Studies of intrinsically disordered regions and proteins are an important application domain for NMR spectroscopy that poses challenges for both manual and automated analysis. The ARTINA benchmark contains only folded proteins with mainly well-defined structure. Nevertheless, also these proteins comprise not well-structured and unstructured regions, e.g., near chain ends or in loops. To obtain an estimate for the performance of our method regarding intrinsically disordered regions, we calculated the chemical shift assignment accuracy for the subsets of atoms that are either within or outside well-structured regions, as defined by the CYRANGE algorithm (31) and reported earlier (11). Results are given in tables S4 and S5. As expected, our method performs better within well-structured regions (median accuracy 92.71% for the full dataset and 92.62% for the recommended dataset) than outside (median accuracy 86.84% for the full dataset, 84.37% for the recommended dataset). Using AlphaFold structures and UCBShift predictions as input increases the overall chemical shift assignment accuracy in both types of regions, e.g., by 4.94 pp within well-structured regions versus 4.38 pp outside well-structured regions for the recommended spectra dataset.
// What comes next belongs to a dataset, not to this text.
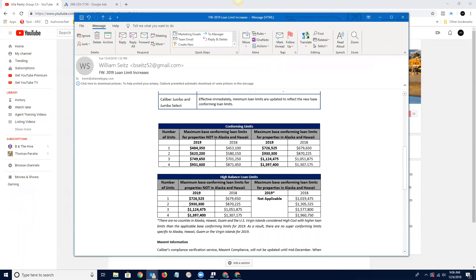If you do have those high net worth borrowers buying or selling in that million dollar plus price point, we do have the option for your borrowers. And that's really exciting for us. You just have to be competitive. You're not going to get the financing if you're a half a point off with these types of individuals. Bill, where does jumbo start? What's the threshold there?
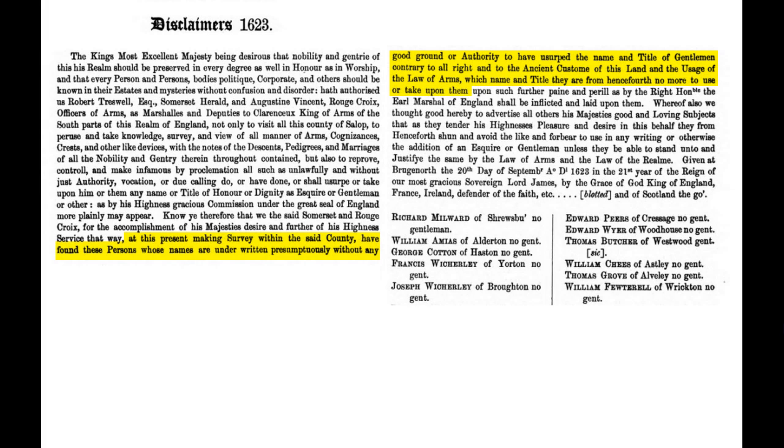If you were one of the unfortunate that was disclaimed, you are also entered into this book. The herald wrote that they found these persons whose names are written without any good ground or authority to have usurped the name and title of gentleman, contrary to all right and to the ancient customs of this land and the usage of the law of arms, which name and title they are from henceforth no more to use or take upon them. Right here you see the names of the disclaimed — the first being Richard Millward of Shrewsbury — with their towns listed, and right after that it says 'no gentleman.' And then they abbreviate it: 'no gent, no gent, no gent' for all the rest of the disclaimed individuals.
The integrative approach is expected to be particularly advantageous in NMR studies of 200- to 500-residue proteins, which are of high interest in structural biology but severely underrepresented in the BMRB repository. Such proteins pose challenges for both NMR (due to signal overlap, sensitivity and relaxation) and cryo–electron microscopy (contrast issues), resulting in x-ray crystallography as the method of choice. Although unavoidably larger protein size has a negative effect on the integrative approach, the performance of the integrative approach decreases much less (from 93.06% correct assignments for proteins in the 100-residue size range to 77.09% for the simulated proteins in the 500-residue range; Table 3) than for ARTINA without any complementary input (from 89.76 to 36.27%). Having said this, it must be kept in mind that the analysis presented here assesses mainly the effects of increased peak overlap and the larger number of atoms to assign but neglects the increase of relaxation with protein size, which broadens cross peaks and leads to a concomitant further increase of peak overlap. For instance, doubling the protein size from 200 to 400 amino acid residues approximately doubles resonance linewidths. However, it can be expected that a combination of measurements at ultrahigh field of 1.2 GHz, partial deuteration (32), as well as further method developments such as the combined 13C,15N-edited [1H,1H]-NOESY experiment (19) will alleviate this overlap issue. Better resolution of the input spectra can also result from advanced experimental and data processing methods, for example, by homonuclear Cα-Cβ decoupling using software deconvolution or a decoupling sequence, which can markedly improve resolution in HNCA spectra (33), or by nonuniform sampling techniques (34).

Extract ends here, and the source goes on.